Your answer must be an exact transcription of the data, with every picture omitted.

Raw data Start Marker

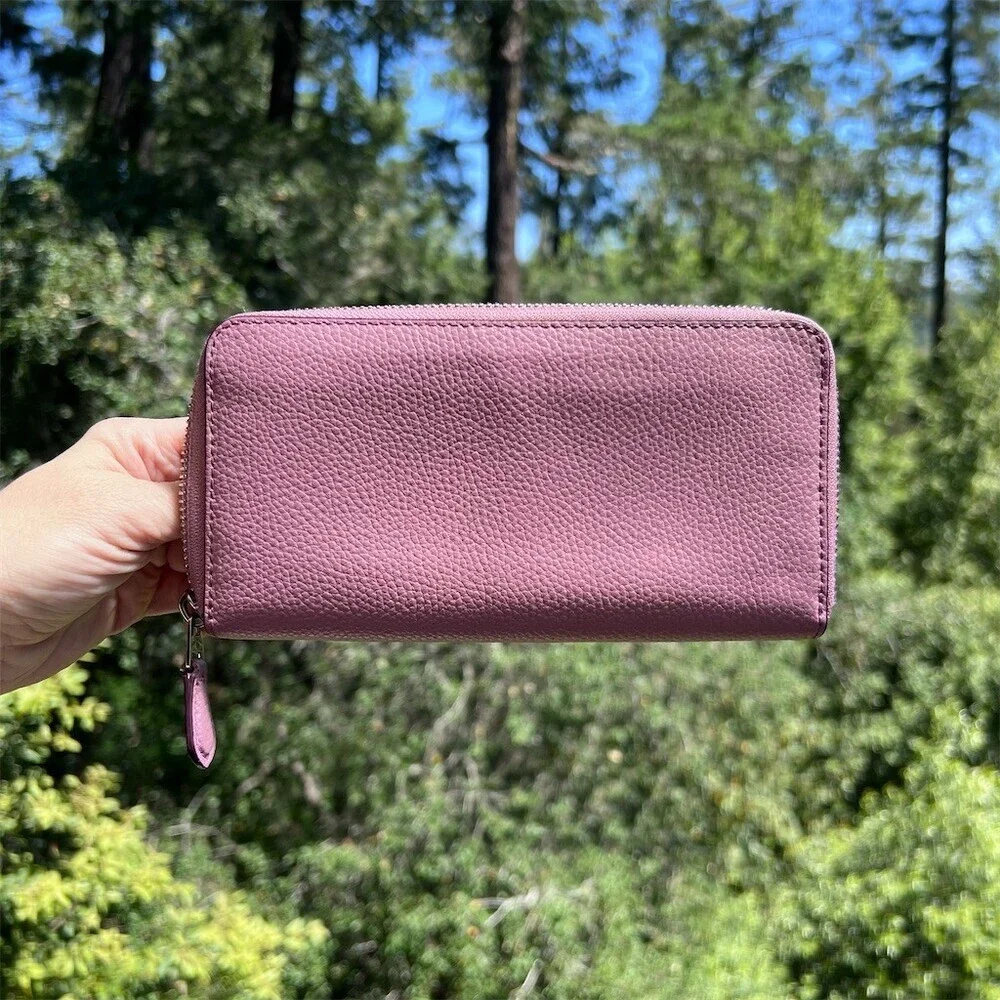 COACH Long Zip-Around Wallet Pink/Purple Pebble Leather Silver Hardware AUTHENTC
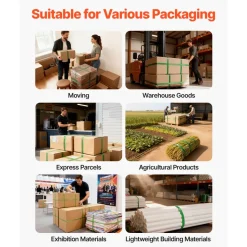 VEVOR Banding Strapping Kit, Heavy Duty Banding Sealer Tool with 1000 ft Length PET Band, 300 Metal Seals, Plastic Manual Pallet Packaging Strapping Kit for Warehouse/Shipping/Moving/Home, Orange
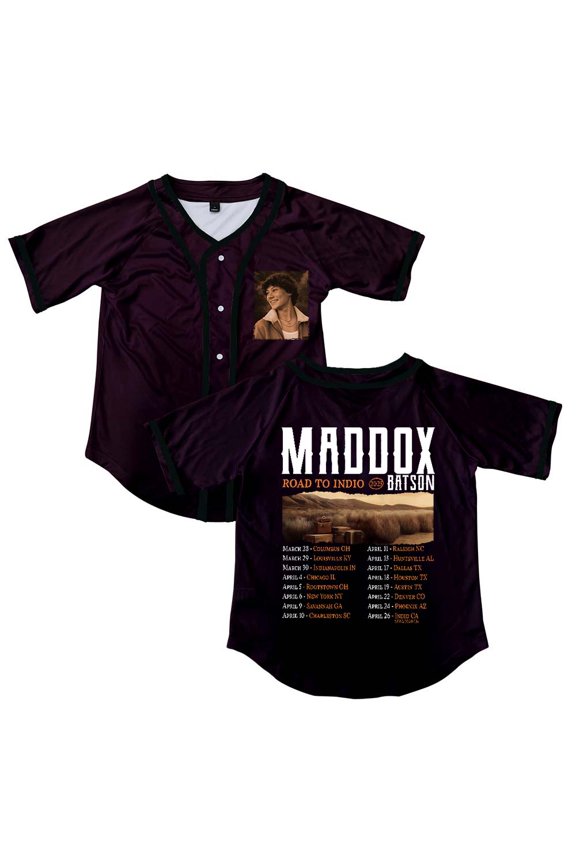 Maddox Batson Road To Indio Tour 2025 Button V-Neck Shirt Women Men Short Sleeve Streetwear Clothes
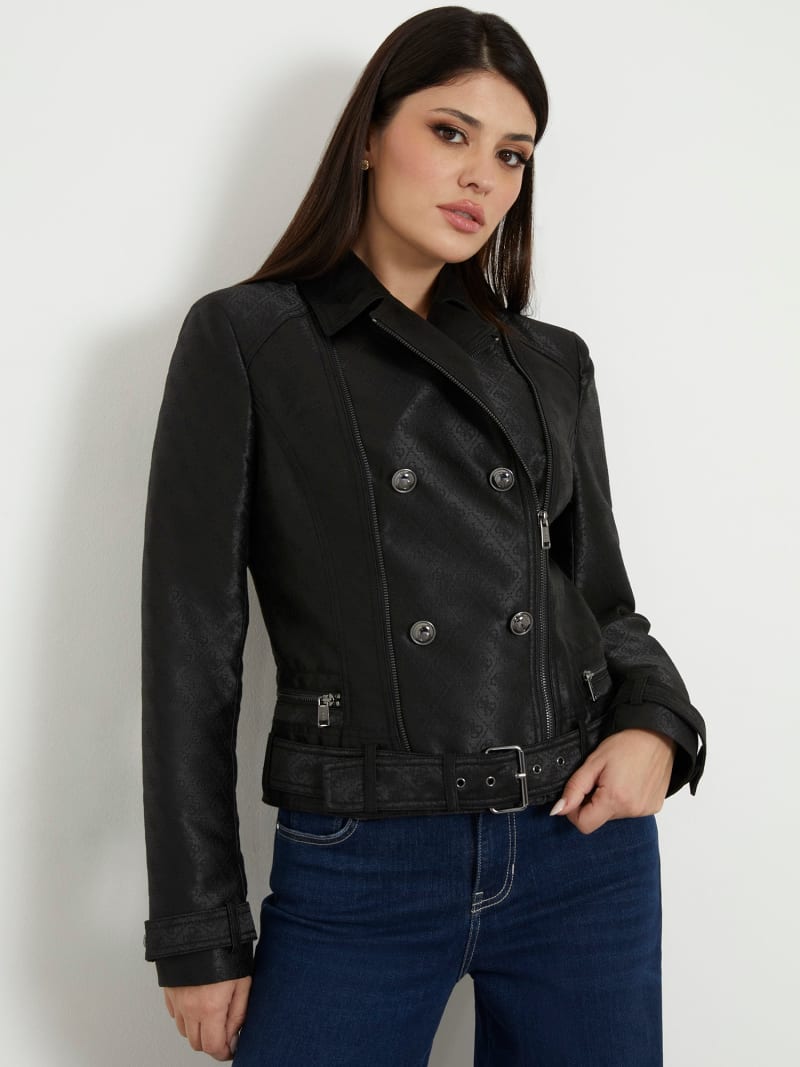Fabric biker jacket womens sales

Raw data End Marker

■ Output below ■
 COACH Long Zip-Around Wallet Pink/Purple Pebble Leather Silver Hardware AUTHENTC
 VEVOR Banding Strapping Kit, Heavy Duty Banding Sealer Tool with 1000 ft Length PET Band, 300 Metal Seals, Plastic Manual Pallet Packaging Strapping Kit for Warehouse/Shipping/Moving/Home, Orange
 Maddox Batson Road To Indio Tour 2025 Button V-Neck Shirt Women Men Short Sleeve Streetwear Clothes
Fabric biker jacket womens sales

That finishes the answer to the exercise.